In the 1990s Singer gave millions in political donations to George Bush senior, and later pledged to raise as much as $15m for the Republican presidential campaign of Rudy Giuliani, the former New York Mayor – a move scuppered when the nature of DAI's business hit the headlines.

"When details of Congresswoman Waters's proposals came out in the US, vultures like Kensington came out with full page ads in newspapers criticising the moves," says Dearden. "They aren't going to go down without a fight."

Kensington International is a subsidiary of Manhattan-based Elliot Associates, one of the most active hedge-fund vultures in the world. It has scooped millions suing countries such as the Republic of Congo in British courts.

Perhaps the highest profile vulture case to reach a British court in recent times was the successful suing by Donegal, a British Virgin Islands-based vulture part-owned by DAI, which won a ruling that saw it reap £15m from the Zambian government, on debt the fund bought for £4m. The original debt was created in 1979 when the Romanian government lent the Zambians money to buy tractors.

While the weight of public opinion is against the vultures, funds such as Donegal and Elliot claim they provide a vital check on the moral hazard of debt default from countries that borrow too much and can't pay it back.

One hedge fund manager, who declined to be named, said: "If I borrow too much, or a company borrows too much, and can't pay its debts then there is a consequence. Sovereigns have to be held to account in the same way else the law of the court is replaced by the law of the jungle."

The Alternative Investment Management Association, a trade body for the hedge fund industry, declined to comment.

TransAfrica Forum's Gaw says the picture painted by vulture supporters is too simplistic. "On paper their argument is valid," she says. "But they aren't comparing apples with apples. There is no real capacity for a sovereign bankruptcy. There is no orderly list of creditors lining up as with a corporate insolvency. It just doesn't work that way. Look, nobody wants to see sovereign defaults. We want to see countries successfully working in the secondary debt markets. But the actions of vultures is harmful."

According to the European Network on Debt and Development, a body representing 59 non-governmental organisations from 18 European countries working on issues related to debt, six commercial creditor lawsuits against heavily indebted countries are playing out in court at present, with another two cases in arbitration.

Of the $1.6bn claimed in recent cases by vultures and other commercial litigants suing poor countries, some $994.8m has been awarded to creditors. Countries in which the litigation has been heard include France, Russia, Guyana, US, Britain, Sierra Leone, Switzerland, Uganda and Norway. However, creditors have comfortably reaped their biggest gains in US and UK courts.

"The creditor-friendly countries have always been seen as the US and UK, as well as France and Belgium," says Gaw. "That's no longer the case in Belgium, which moved a while back to curb vultures."

Why it has taken Britain and America so long to introduce measures to stop vulture practices is a mystery to many given the condemnation from the global political elite for more than a decade.
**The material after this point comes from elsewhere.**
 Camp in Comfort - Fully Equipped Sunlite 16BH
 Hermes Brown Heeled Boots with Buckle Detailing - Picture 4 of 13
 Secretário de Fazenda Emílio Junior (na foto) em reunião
But some think there is a simple explanation. "It's pretty straightforward why they have moved now," says Gaw. "I'm not being conspiratorial but the world of banking and finance has imploded. Political campaign finance largely came from Wall Street, the banks and hedge funds, but they have a lot less cash now, so their control over politicians has waned. Governments have taken the opportunity to move against vultures in the wake of the economic turmoil."

At least that's one area where they are proving effective.